**EXERCISE AIM**
Restate all of the entries exactly, dropping any pictures they hold.

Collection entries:
[Start of section]

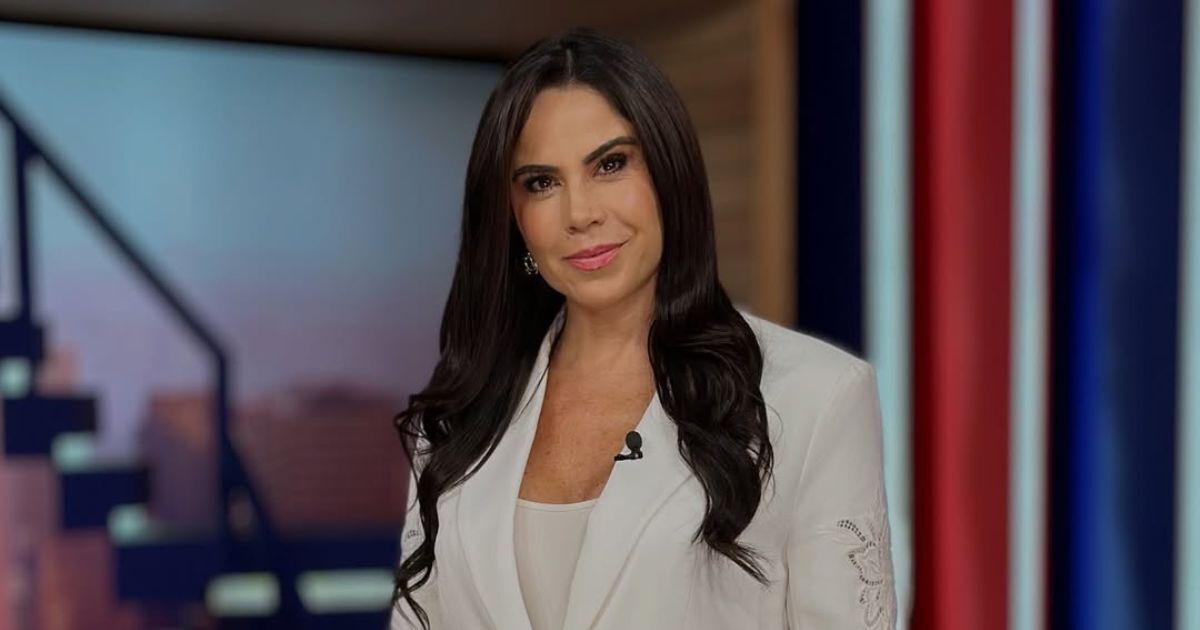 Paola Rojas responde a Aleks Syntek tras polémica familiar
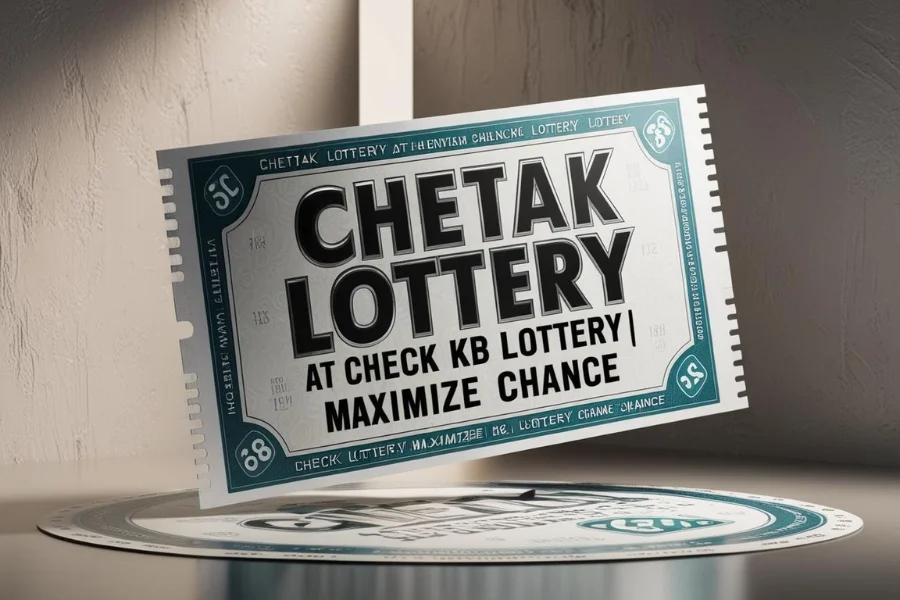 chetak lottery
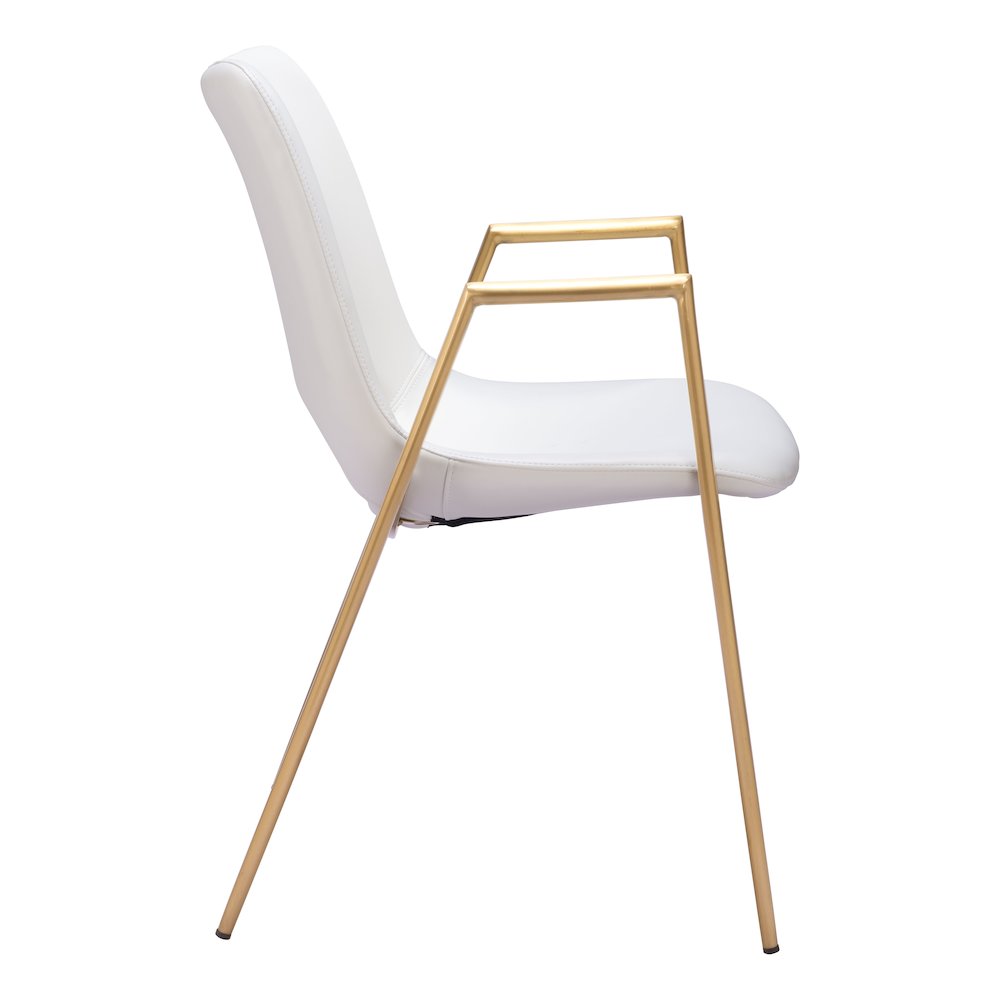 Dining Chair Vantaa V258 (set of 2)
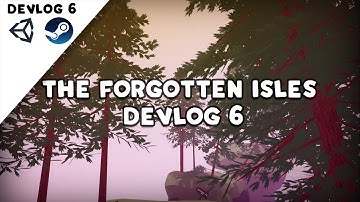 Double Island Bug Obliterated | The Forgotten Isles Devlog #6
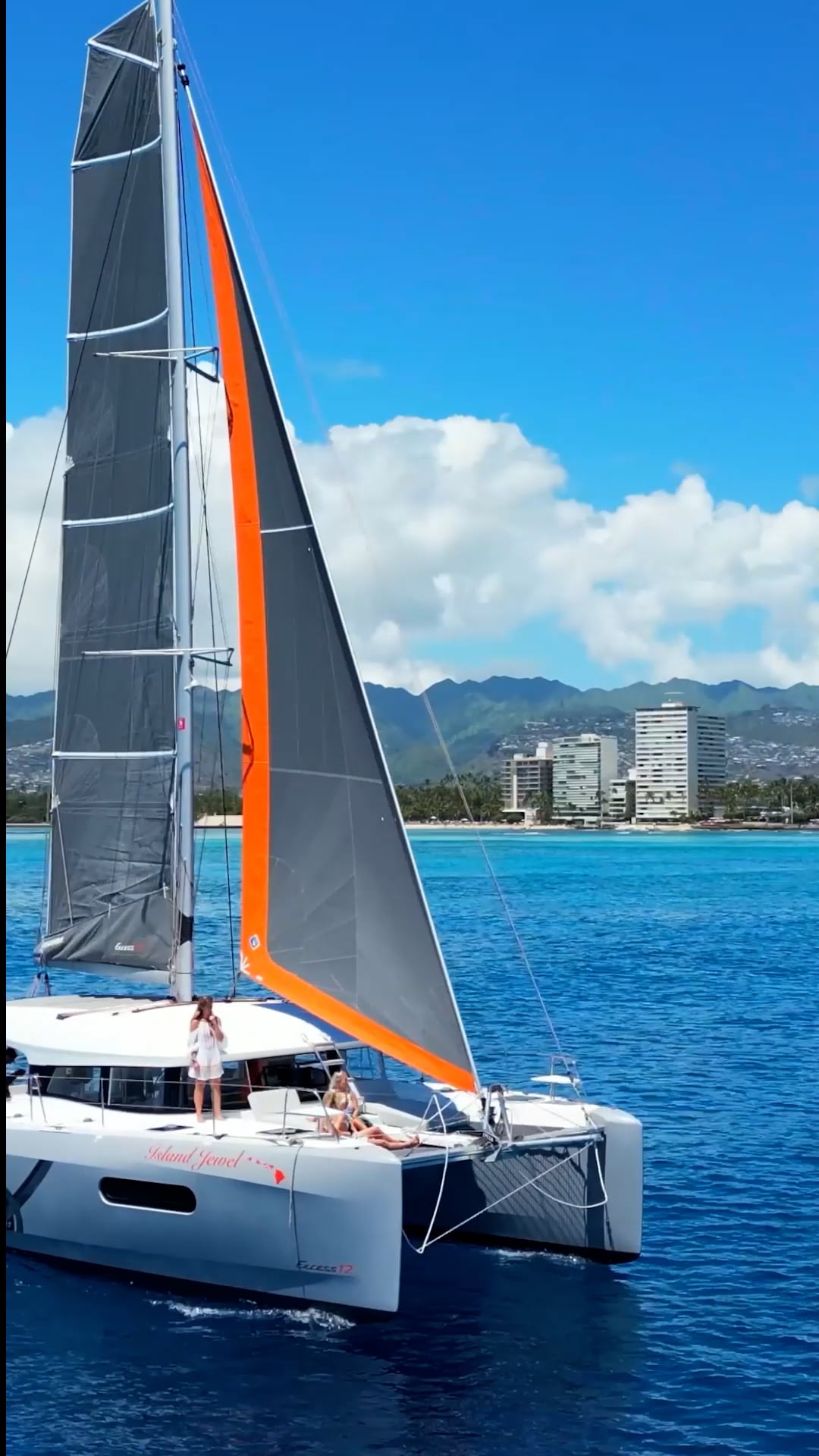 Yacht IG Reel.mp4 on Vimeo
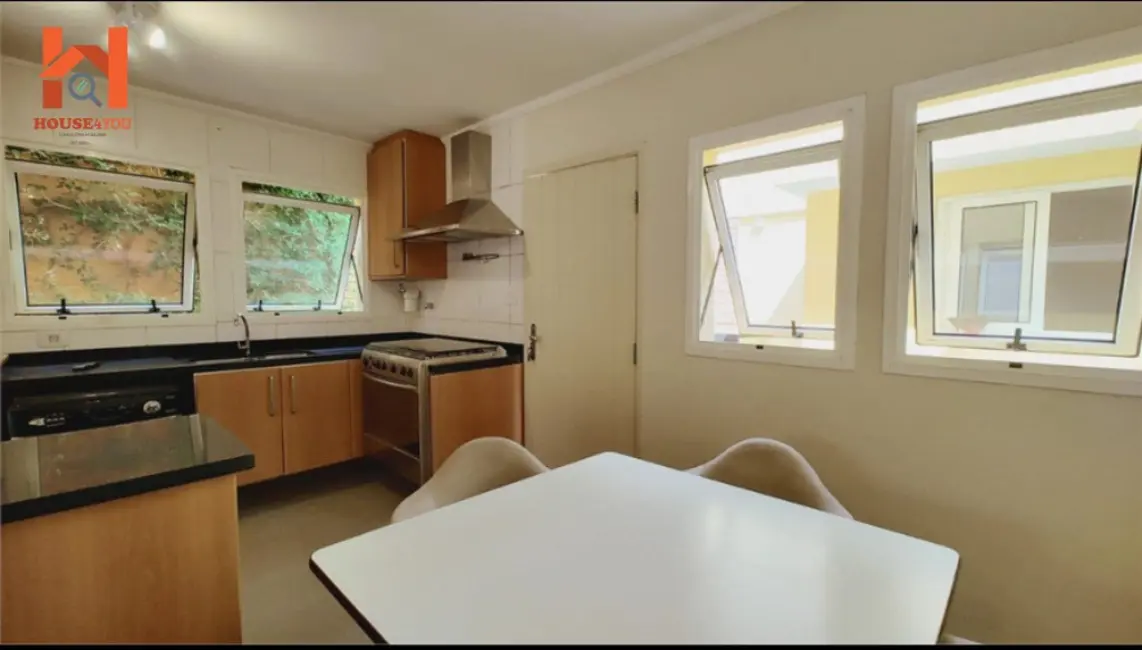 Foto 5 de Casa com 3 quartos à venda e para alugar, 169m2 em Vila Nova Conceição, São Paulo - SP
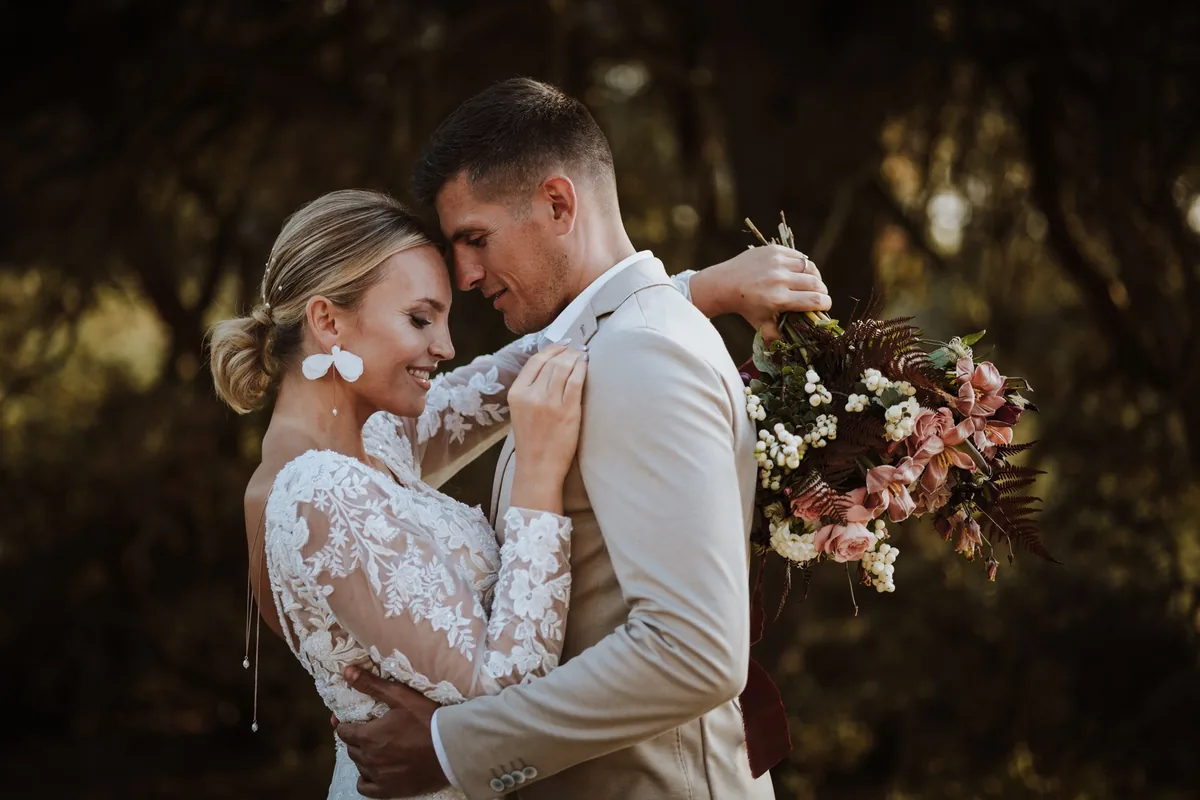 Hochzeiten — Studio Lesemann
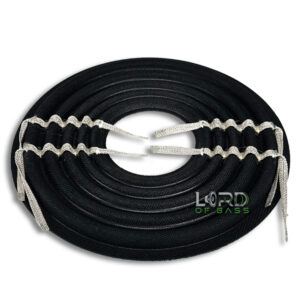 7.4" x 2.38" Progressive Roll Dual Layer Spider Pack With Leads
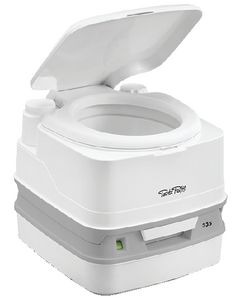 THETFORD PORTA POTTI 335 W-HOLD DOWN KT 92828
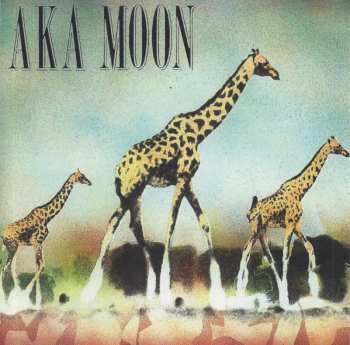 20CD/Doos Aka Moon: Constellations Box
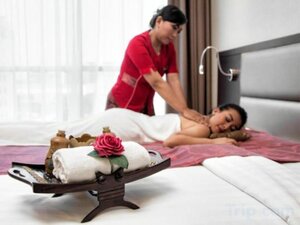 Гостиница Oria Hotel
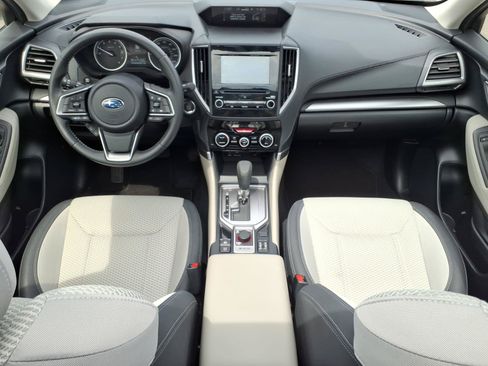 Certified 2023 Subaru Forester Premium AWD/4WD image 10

[End of section]

**SOLUTION TO THIS PROBLEM**
 Paola Rojas responde a Aleks Syntek tras polémica familiar
 chetak lottery
 Dining Chair Vantaa V258 (set of 2)
 Double Island Bug Obliterated | The Forgotten Isles Devlog #6
 Yacht IG Reel.mp4 on Vimeo
 Foto 5 de Casa com 3 quartos à venda e para alugar, 169m2 em Vila Nova Conceição, São Paulo - SP
 Hochzeiten — Studio Lesemann
 7.4" x 2.38" Progressive Roll Dual Layer Spider Pack With Leads
 THETFORD PORTA POTTI 335 W-HOLD DOWN KT 92828
 20CD/Doos Aka Moon: Constellations Box
 Гостиница Oria Hotel
 Certified 2023 Subaru Forester Premium AWD/4WD image 10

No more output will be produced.